In short it appears that it has taken the commencement of the HCPOA to shed at least some light on a longer-standing confusion over language, policy and law, and practice, and the relationship between all of these.  

Police Scotland needs to improve the clarity of its reporting to the SPA. It also now needs to explain what accounts for a threefold increase in recorded in NCHIs over a four-year period, when the number of recorded hate crimes has remained constant. It needs to provide data on the underpinning characteristics associated with those reports and make clear what the threshold for recording actually is.

Given that a high proportion of hate crime charges are brought with police officers as victims, as the First Minister has recently emphasised, it would also be useful to understand how far these cases relate to victims who contact the police, or to police officers themselves.

While doing all this, Police Scotland also still needs to clearly explain how it records details on alleged suspects and whether, when, or how these could ever be disclosed under an enhanced disclosure, or otherwise be referred to again in any later context.

But there is an issue here that goes beyond the specific topic and raises a wider question about how data presented to the SPA is quality controlled and sense-checked.

Police Scotland needs to understand how it could have provided the SPA with data that was so poorly presented as to be substantially misleading. Did those involved in submitting the data to the SPA understand that ‘hate incident’ was being used with a meaning quite different from its usual one? If so, why did they not make that clear in the explanation and presentation of the figures?

If, instead, those signing off the SPA reports thought the figures matched the official definition, at what point in their handling within the organisation did their meaning become lost? And in that case, how was such a large difference from the reality on the ground not picked up by anyone involved? Lastly, did anyone in Police Scotland actually notice the discrepancy between the SPA reports and the new weekly data, before it was raised with the Press Office.  

We suggest this specific case raises some wider issues the SPA may want to pursue.


Notes

1 As an insight into the hitherto paucity of information in this area, the HMICS report notes that its data on hate incidents was based on freedom of information responses.

2 Mr Miller posted several tweets which a member of the public had complained were “transphobic”. Humberside Police recorded this as a NCHI and warned Mr Miller that he may face criminal prosecution if he continued to post similar tweets. In the first case (Harry Miller v The College of Policing and The Chief Constable of Humberside 2020) the judge ruled Humberside Police had disproportionately interfered with the rights of free speech of Mr Miller. A subsequent appeal (Miller v College of Policing 2021) focused on 2014 College of Policing guidance on NCHIs, as followed by Humberside Police, which provided for perception-based reporting. The Miller appeal ruling (both successful and unsuccessful grounds) is summarised here.

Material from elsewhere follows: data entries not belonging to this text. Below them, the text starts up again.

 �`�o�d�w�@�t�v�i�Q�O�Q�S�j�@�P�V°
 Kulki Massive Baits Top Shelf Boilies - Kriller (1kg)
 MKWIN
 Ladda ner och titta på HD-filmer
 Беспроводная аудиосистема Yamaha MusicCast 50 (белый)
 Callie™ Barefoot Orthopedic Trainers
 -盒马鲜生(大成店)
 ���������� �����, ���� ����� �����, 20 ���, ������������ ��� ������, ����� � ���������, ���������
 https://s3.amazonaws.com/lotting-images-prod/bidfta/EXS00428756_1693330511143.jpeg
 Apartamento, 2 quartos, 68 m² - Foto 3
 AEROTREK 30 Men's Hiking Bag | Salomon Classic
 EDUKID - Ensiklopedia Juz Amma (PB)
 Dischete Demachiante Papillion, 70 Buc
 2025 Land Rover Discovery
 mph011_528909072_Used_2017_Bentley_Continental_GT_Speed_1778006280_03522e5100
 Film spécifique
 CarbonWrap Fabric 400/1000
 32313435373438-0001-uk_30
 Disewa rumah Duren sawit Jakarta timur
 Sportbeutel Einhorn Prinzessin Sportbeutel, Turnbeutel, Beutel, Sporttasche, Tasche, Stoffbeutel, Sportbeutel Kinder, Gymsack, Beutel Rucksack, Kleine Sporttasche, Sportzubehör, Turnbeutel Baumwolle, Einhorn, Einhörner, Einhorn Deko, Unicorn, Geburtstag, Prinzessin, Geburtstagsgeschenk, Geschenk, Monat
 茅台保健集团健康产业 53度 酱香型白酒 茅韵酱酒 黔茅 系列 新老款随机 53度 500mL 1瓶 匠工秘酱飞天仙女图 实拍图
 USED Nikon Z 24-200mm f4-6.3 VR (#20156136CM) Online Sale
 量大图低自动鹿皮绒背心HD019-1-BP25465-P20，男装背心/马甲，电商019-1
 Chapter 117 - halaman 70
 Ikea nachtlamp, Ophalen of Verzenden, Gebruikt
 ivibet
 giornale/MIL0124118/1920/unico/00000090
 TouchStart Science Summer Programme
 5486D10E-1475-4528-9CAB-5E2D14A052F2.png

Whilst awaiting the outcome of the appeal, in a striking turn of phrase, the Interim College of Police CEO told the National Police Chief Council that there is ‘widespread concern the Hate Crime Operational Guidance has been weaponised’ (O’Reilly, 2021: 46).

The appeal judge ruled that perception-based recording of NCHIs per was not unlawful per se; but additional safeguards were needed for the incursion into freedom of expression to be no more than strictly necessary.

In response, in July 2022 the College of Policing issued interim guidance on recording NCHIs. Departing from the previous perception-based approach, this required officers to make to a judgment as to the gravity & validity of complaints, and whether recording was justified, before taking recording the complaint.